My house will be messy. I will not clean it until cleaning day on the weekend. There's only so much time in a day and I just can't worry about it.
I had to evaluate my life, and find what can I do to change the "no time for exercise." I had to give up evening time with my husband. We normally would spend an hour together each night and talk and watch TV. This was "our time." For now we've given that up to try and each walk on the treadmill. As my kids are putting on their PJs, I'm putting on work-out clothes and when the last one is tucked in, I'm downstairs hopping on the treadmill. It sucks, but this last hour of the day is it. It's the only time I have to either spend on me (working out) or us (spending time with my husband). The hardest part is finding the energy after the entire day. I'm really hoping that I'll see results and will have motivation to continue.
February Minutes: 0
Fitness Minutes: (621)
52 1/13/15 12:57 P
When my oldest girls were young and I was a single mother without child support, the thing that always came to my rescue was a supportive family. I spent my off hours going to the park and walking with my girls (both preschool at that time), camping with my sister and her two girls, spending the day at the lake playing in the water, taking them to the library. Even now I still have four boys at home but am married to their father and we still do a lot of family together fun. Whenever my husband and I really need time to ourselves my family is still there for a day or more. We actually took a second honeymoon a few years ago and my sister stayed with the little darlings. Fresh air, sunshine and something as little as a stroll around the block recharges me and them too making everyone's night go smoother.
I won't worry about tomorrow because I have sufficient grace for today. Thank you Lord.
February Minutes: 0
Fitness Minutes: (0)
1 12/25/14 6:29 A
I am also a working women and mom of two little daughters. I completely understand your problem and yes from my experience, I must say, it,s very difficult to handle work, kids, family. There is hardly any time left for myself.
working mom of 3: stay organized and ask for help...those are my go to's...when that's not enough, I need to realize that this is a phase in life when kids MAY actually come first...when there is time for me, then praise the Lord. I had to put my workout routine on hold because I was never home, had 2 part time jobs...but now I'm down to one...and NOW I can work out a little. don't worry, you'll have time when it is the RIGHT time. you're such a blessing to your fam!
working mom of 4: same goes for you...it's hard to do the split-parenting and a lot of families do it today to keep up with bills. I always say I'm like a single mom, it's so hard...you HAVE to ask for help when you can. I was lacking energy for months, and so I quit one of my jobs. what can you do to regain energy.
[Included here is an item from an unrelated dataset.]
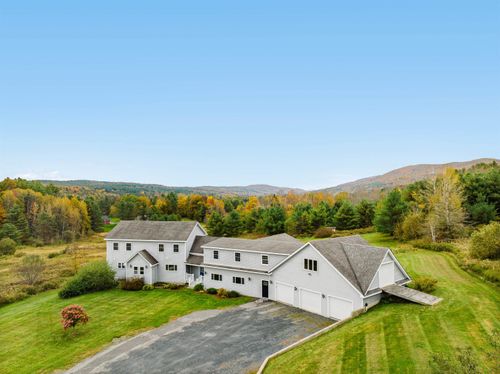 471 Crosstown Rd, Berlin, VT, 05602-9009 | Card Image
If you don't have your health, what do you have?
current weight: 153.0
Fitness Minutes: (140)
11/17/14 3:51 P
help me please?!?!?!? i am a mommmy of 4 girls amber age 7 rebecca age 6 taylor age 4 and rylee thats 10mons.... my husband works constantly to make the bills so it's like i am a single mom having to be both mom and dad at home as well as the maid and the cook. my 10month old is teething and then my husband gets home like crazy hours like 2am - 4am and its like having a second baby waking me when i just went back to sleep from the first baby waking me up. we were doing soccer amber, rebecca and taylor was going 2 days of practice and then games on saturdays. i was working 60 hours a week but as of the last 3wks i've become a stay at home mom because my mother in law was helping us out with watching the girls and now she can't so i had to quit my job so now my husband works extreme hours he's working like 80-90 hours a week. i feel like i am drugged i'm so sleepy i want to go workout but i don't have the energy to move and when the baby sleeps i just want to sleep too.... what can i do ??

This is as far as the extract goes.